Album DescriptionThis is the longest selling album in the history of country music. Released in 1967, this collection of a dozen gems from country music’s biggest female voice raced to #5 on the country charts upon release and has expended over 630 weeks on the country catalog charts since reissue on CD in 1988. Digitally remastered/HDCD. MCA. 2003.
necessary recordingIn the late 1950s and the ’60s, country music was fundamentally a singles medium. This album, original freed in 1967 and reissued on compact disc in 1988, collects Patsy Cline’s greatest hits–all of them from the country singles market–including “Walkin’ After Midnight,” “Sweet Dreams (Of You),” “Crazy,” and “I Fall to Pieces.” Producer Owen Bradley surrounds Cline’s full-throated, in an emotional manner charged vocals with lush, sophisticated arrangements that set the standard for Nashville’s “countrypolitan” sound. Before Shania Twain found a new (though not inevitably improved) way to combine country and pop in the 1990s, this was the top-selling country album of all time by a female artist. –Rick Mitchell
Most helpful client reviews
16 of 17 humans found the following review helpful. Immortal By D.V. Lindner The description of Cline that comes to mind for me each time one of her songs is played or even just her name comes up, was this one by David McGee in the 1992 Rolling Stone album guide: “Kitty Wells had retreated to less debatable ground after her 1952 hit, `It Wasn’t God Who Made Honky-Tonk Angels’ had found a sizable audience for it is distaff point of view; Cline, on the other hand remained a bulwark of effeminate fortitude to the end of her life.”
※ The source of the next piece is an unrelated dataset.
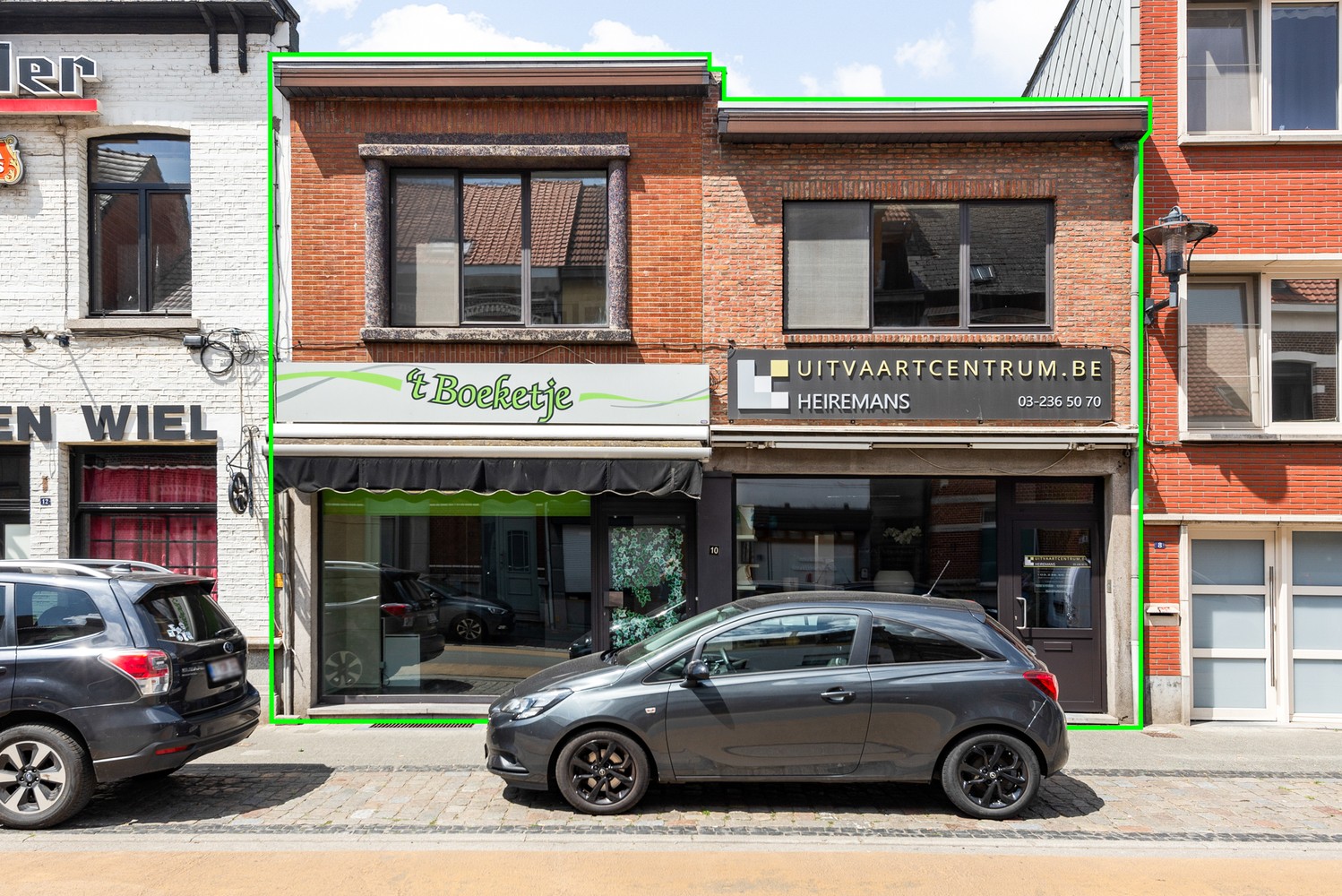 Handelshuis met 2 handelsruimtes en appartement in het hart van Wommelgem. - foto 1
And this strength is apparent in each song the woman sings, no matter how much heartbreak the lyrics include. Patsy would in all likelihood reject the word `feminist’ and all the negative connotations it is picked up over the years, but if we fixed it is meaning to that of unshakable selfassurance and self-awareness it would surely partly include a broader Patsy. Her each performance proposes a woman keenly conscious of the scope of her talent, and she applied like the unerring pro she was.
Songs like “She’s Got You,” “I Fall To Pieces” and specially “Crazy” were substantially crossing over to the pop charts and pulling in even young rock and roll fans like I already was by that time. Had she lived, Patsy would surely have continued this accomplishment to even dandier heights. Her basi No. 1 pop hit was only one or two records away, no doubt. But once I heard her, even this 50-year-old R&B fan knew the Real Deal when I came upon it, and Patsy Cline is IT.
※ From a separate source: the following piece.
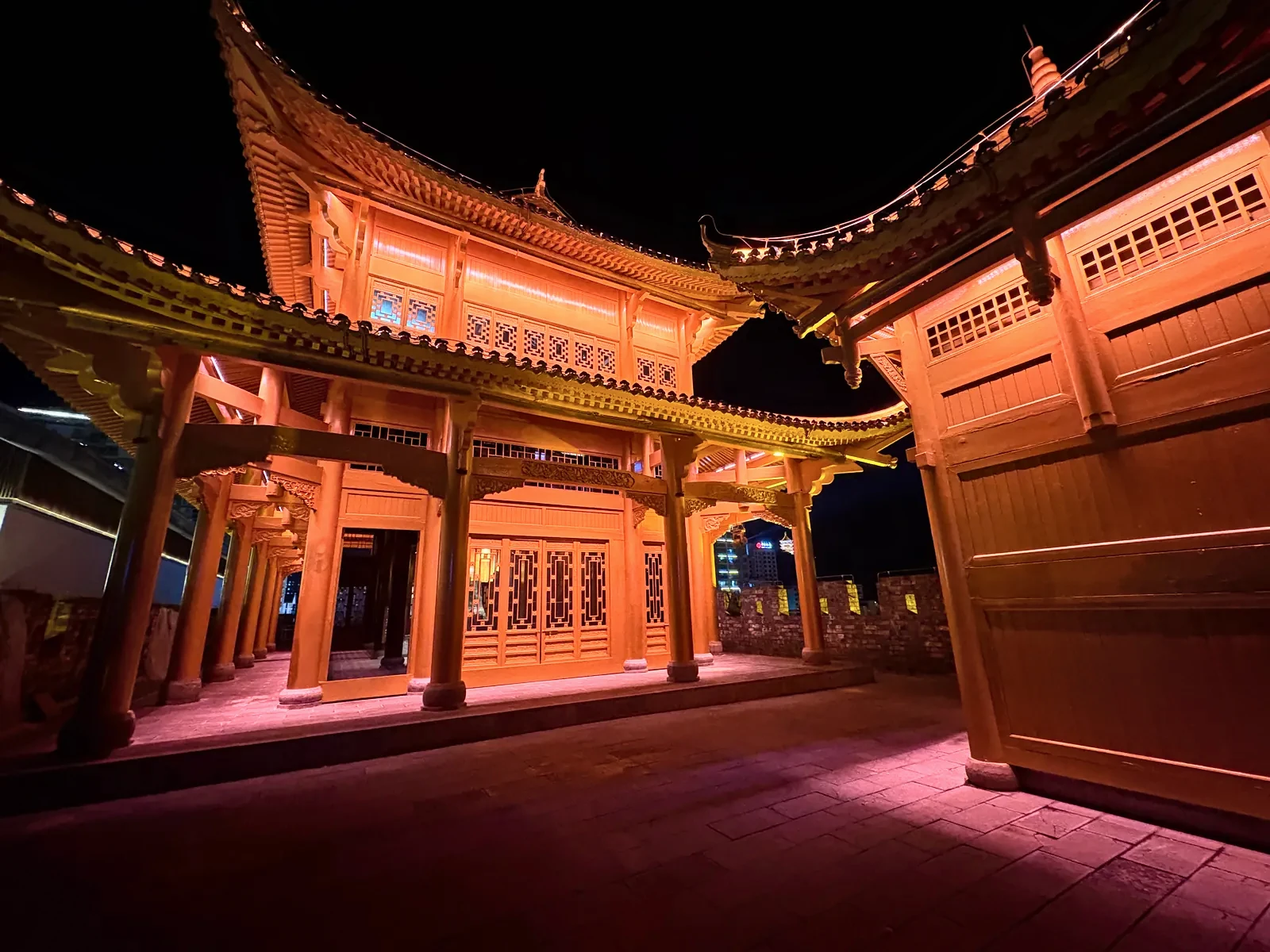 Traditional pavilion in Dayong Ancient City lit in amber at night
15 of 16 humans found the following review helpful. CRAZY…ABOUT PATSY CLINE… By Lawyeraau This hard living, hard loving, country diva had one of the most emotive voices in the history of country music. In her too short career, cut prematurely in a plane crash, she managed to put together a remarkable roster of musical hits and was a crossover sensation.
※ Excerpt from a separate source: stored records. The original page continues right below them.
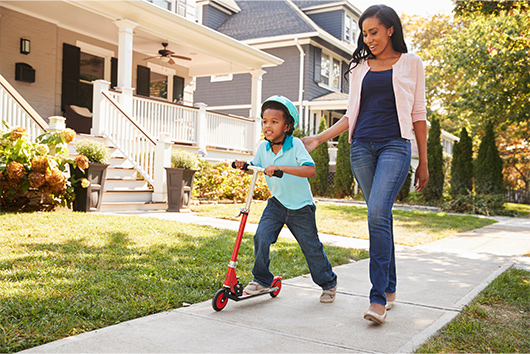 Mother walking with son on sidewalk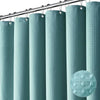 A set of vertical, ribbed shower curtains in a muted teal color hanging from a metal rod.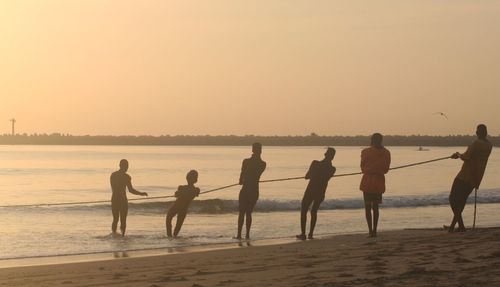 Silhouette people pulling rope on shore at beach against sky during sunset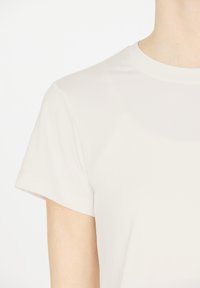 Persona con una camiseta de manga corta de cuello redondo en un tono beige claro, mostrada desde el hombro hasta la mitad del torso, contra un fondo blanco.
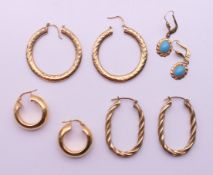 Four pairs of yellow metal earrings. The largest 3.5 cm diameter.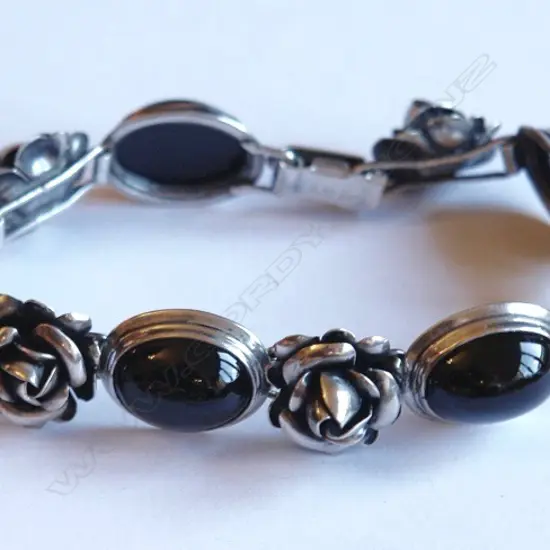 A silver and onyx bracelet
This is an perfectly definitive CD. There is plainly not one bad cut on it, with stand outs such as: “Crazy”, “She’s Got You”, “Back in Baby’s Arms”, “Why Can’t He Be You”, and “Leaving on Your Mind”. Ten of the cuts on this CD were top ten tunes on the pop charts of the time, while seven of them made the top ten on the country charts. Fans of Ms. Cline’s, as well as those music lovers just wanting a great CD, would be well satisfied with it, more so now that it has been re-mastered and available at a give away price.
13 of 15 persons found the following review helpful. I REMEMBER PATSY By D. W. Rossa I was born in 1931 and I lived through all the changes of the music from HILLBILLY to COUNTRY-SWING to COUNTRY WESTERN and then just plain COUNTRY.